En Sex and the City los gays se juntan entre ellos mientras que las tres chicas son convencionalmente hétero a pesar de su entorno para todo consumo, incluso el de la carne. La bisexualidad de un amante joven y el beso de una chica durante el juego de la botellita mostraron el límite remilgado de la filósofa del amor Carrie Bradshaw, está claro que el sadomasoquismo y un ocasional lesbianismo son un chiche más para la Samantha prosexo, pero que un novio master sería inadmisible. La serie terminará –si seré perra en decirlo– con un capítulo titulado El hombre (The one), donde Carrie se quedará con Aleksandr Petrovsky, interpretado por Mikhail Baryshnikov, dejando en suspenso su amor por Big a través de la amistad y de la decadencia del hombre casado con su celular, quien sufre una angioplastía (¡castigado por soltero!).
Sex and the City tiene aún buenas replicas como cuando unos hombres del FBI irrumpen en una escena S/M de Samantha con su vecino estafador y uno de ellos dice: "¿Podría quitar sus esposas para que pueda poner las mías?". Pero nada que ver con las que escribe Norah Ephron o las que decía Gloria Swanson en Sunset Boulevard o Marlene Dietrich en Marruecos, esa tradición mezcla de humor judío y novela negra tan bien explotada por Hollywood.
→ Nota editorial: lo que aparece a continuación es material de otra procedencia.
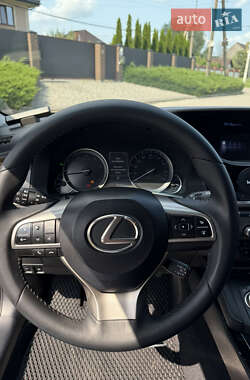 Седан Lexus ES 2017 в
El rostro archiconocido del ruso Baryshnikov evoca el armisticio entre los sexos luego de la Guerra Fría. Según las gacetillas, en estos veinte capítulos de la séptima serie, unas de las cuatro solitarias quedarán solas, otras alcanzarán el anillo cuyo mayor peso fue alcanzado por la eterna comparecedora ante un juez de paz, Liz Taylor. Y lo más subversivo de esta serie es aquel gas que escapó de uno de esos ansiosos culitos en un trance amoroso, levantando el interés por la serie (el gas tiende a elevarse). Y dan ganas de repetir esa frase que Gardel decía horrorosamente en una de sus películas: "Pero, ¿y el amor, padre?".